FAQ: Mud = blue lid; Tape = standard paper drywall tape; Mixed w water = yes; Applied mud thick = yes; Apply tape quickly = yes (2 man per seam - 1 standing on baker at top, mud 1/2 way down, start paper at top, 2nd man continue mud to bottom, hold tape tight to bottom, top man begin wiping tape/angled knife pressing tape & mud squeezing out sides, 2nd man continuing to bottom; rinse repeat.

Long story: 
The Project:
The room was a storage area attached to an office which they are converting to a conf room. Carpenter installed metal framing. We hung & finished the drywall. Pictures show pretty much the last day spent on this room.
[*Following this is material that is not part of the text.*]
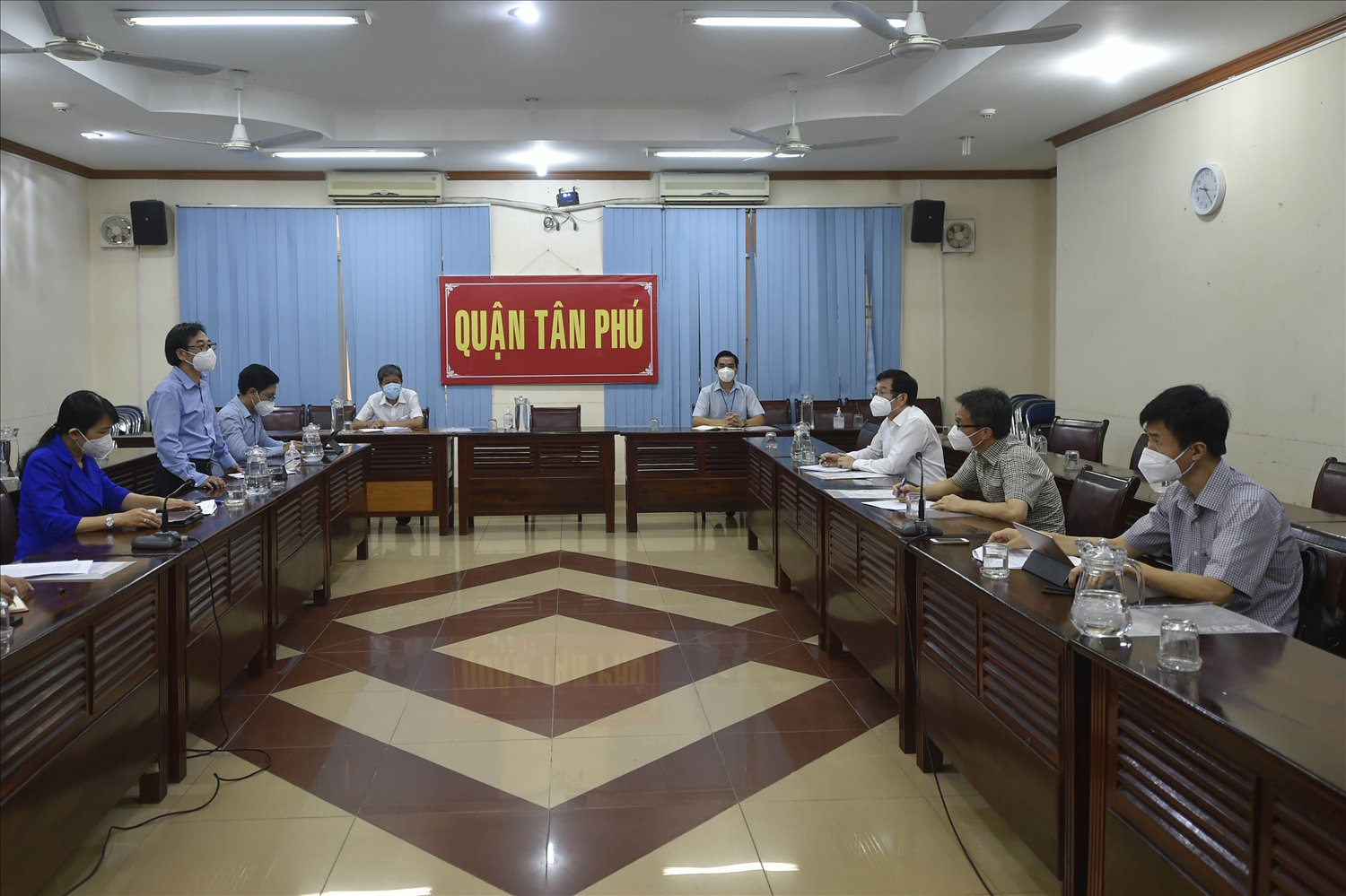Lãnh đạo quận Tân Phú cam kết cung cấp đầy đủ thuốc cho F0 tại nhà. Ảnh VGP/Đình Nam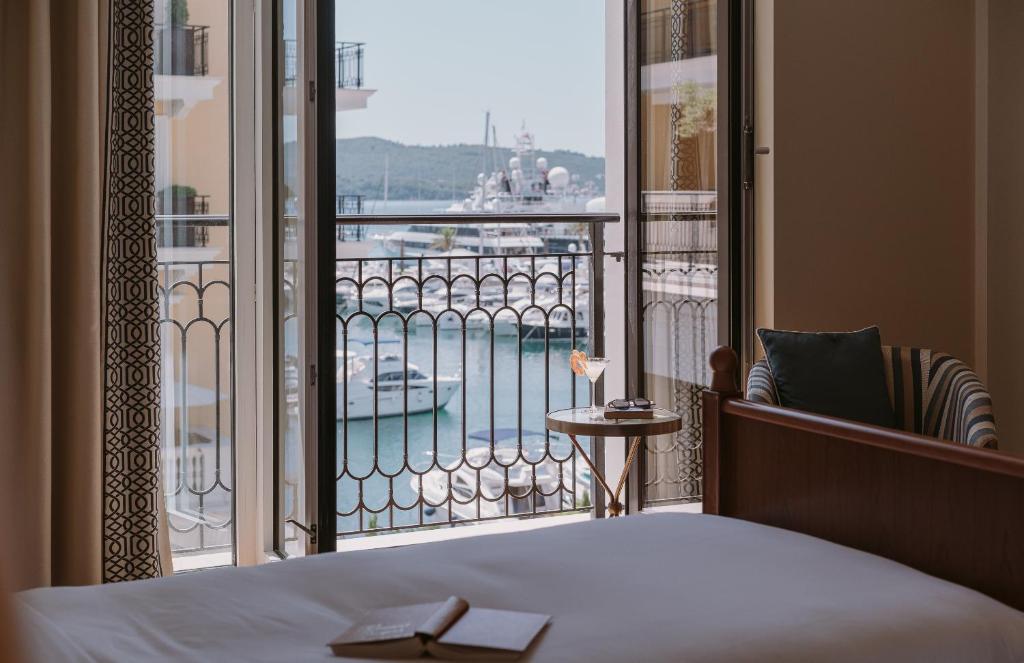 Двухместный (Номер Делюкс Venezia с кроватью размера «king-size» и видом на море) отеля Regent Porto Montenegro, Тиват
We spent a lot of time making sure everything was smooth and flush incl inspecting closely w/ shining lights across every part of the walls to find imperfections. The weather at that time was consistently hot and humid. There was A/C running in the building, but there were days in the building that were quite warm and muggy - not all, but some. For the project, we had multiple box fans as well as two air movers. Only two overnights were we allowed to keep the fans on. Still, we were confident all mud dried completely before proceeding with next coats and/or sanding.
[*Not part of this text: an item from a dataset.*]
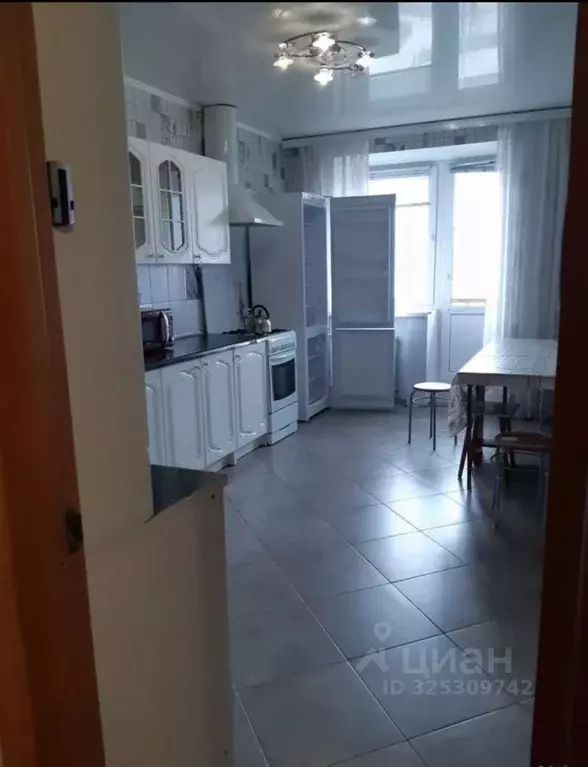 3-к кв. Саратовская область, Энгельс ул. Маяковского, 37 (93.7 м) - Фото 1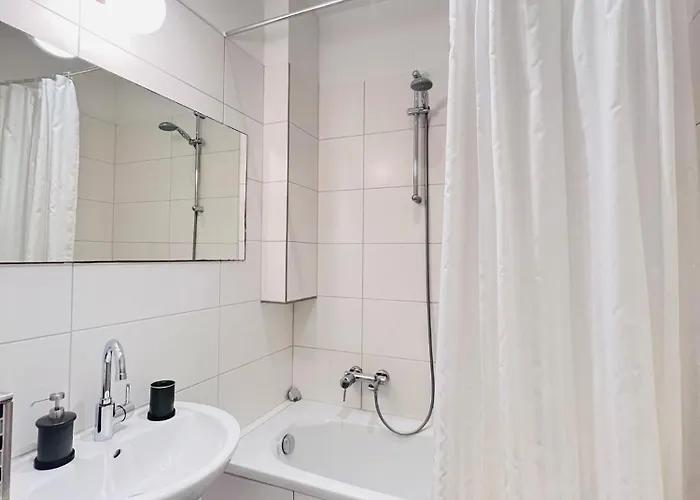 Central City Apartments شقة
After completing this room, the GC inspected our work and gave us a big thumbs up. We were on site the next few days doing patchwork in another area, so we were able to check on our work even after the completion - no problems were noted. Also, we were able to talk to the painter a few days after who inspected the walls and also was impressed, didn't have anything for us to correct.
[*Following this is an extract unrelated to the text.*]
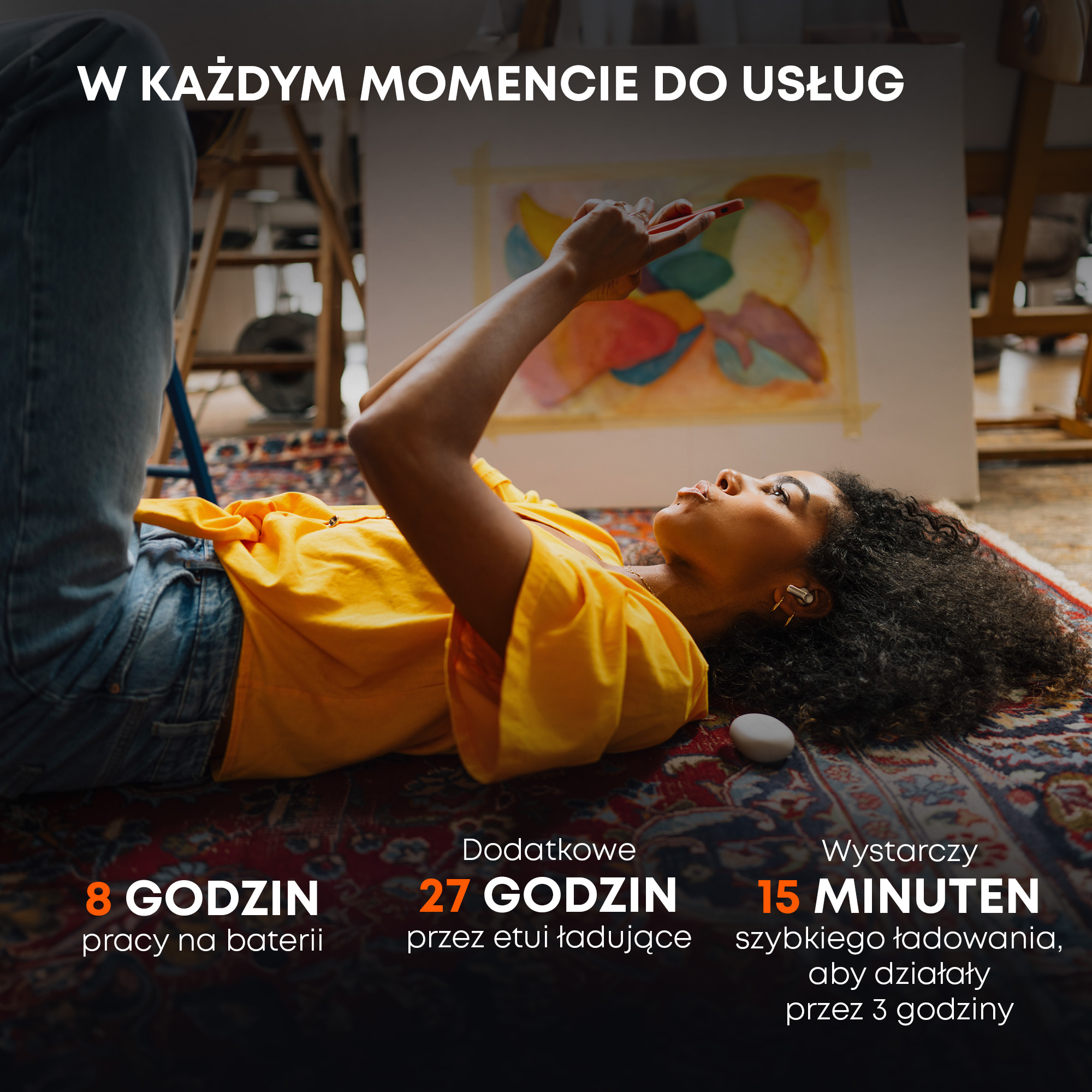 Kobieta na dywanie, używająca telefonu. Tekst: 8 godzin pracy, 27 godz., 15 min.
What went wrong? How do we correct it so that the problem does not return? We've not run into this issue before and can't figure out what we did differently.


----------



## Aussiecontractor (Oct 6, 2014)

I think light could be the issue here mate judging by your pics If you run your sheets the other way it would hide a lot this as the sun light is not going across the joint 
And if not your joints are over filled 


Sent from my iPad using Tapatalk


----------



## Mr.Brightstar (Dec 2, 2011)

Looks like a bad drywall job to me. 


Sent from my iPhone using Tapatalk


----------



## krafty (Jun 30, 2016)

Gotta double break stand-ups on high light walls.(Like a butt joint)


Sent from my iPhone using Tapatalk


----------



## VANMAN (Jan 14, 2011)

I deal with stand ups all the time and they don't look like that!:blink:
That joints r way over filled!!


----------



## keke (Mar 7, 2012)

Rough finish, day light and the colour of paint ..... go with level 5


Sent from my iPhone using Tapatalk


----------



## VANMAN (Jan 14, 2011)

keke said:


> Rough finish, day light and the colour of paint ..... go with level 5
> 
> 
> Sent from my iPhone using Tapatalk


Don't think L5 would cure that!!!:blink:
Maybe a whole scim of the wall would help.:thumbsup:


----------



## kodie (Aug 2, 2017)

Thanks for all the feedback.:thumbsup:

GC required vertical hung boards, not uncommon on commercial jobs around here.
For what it's worth, the darker paint color with higher sheen on the soundboard by the window was unexpected.

UPDATE after today's visit:

There is NO lifting, bubbles, puckering nor any cracking at all. 
The soundboard walls are the major issue. 
We inspected with a spotlight and 4' metal straight edge over the seams.

The seams were flush despite the scary picture (and having been schooled on the 'sloppiness' of our edges, which I don't disagree/will improve), with the exception of a couple of seams, not all, with approx. 6-10" area with approx. 1/16 - 1/8" high point, the rest were flush.

So, upon closer inspection, the darkness seen in the picture around the seams is not a ridge shadow but is instead discoloration. The lighter area around the seams are as well, or simply appears lighter due to the very visible shine there.

All of the seams, on the soundboard and most standard sheetrock walls, are shiny.
We also noted in the existing office area, which was also freshly painted, our minor patching can be seen when looking at the wall at an angle because those spots are also 'shiny'.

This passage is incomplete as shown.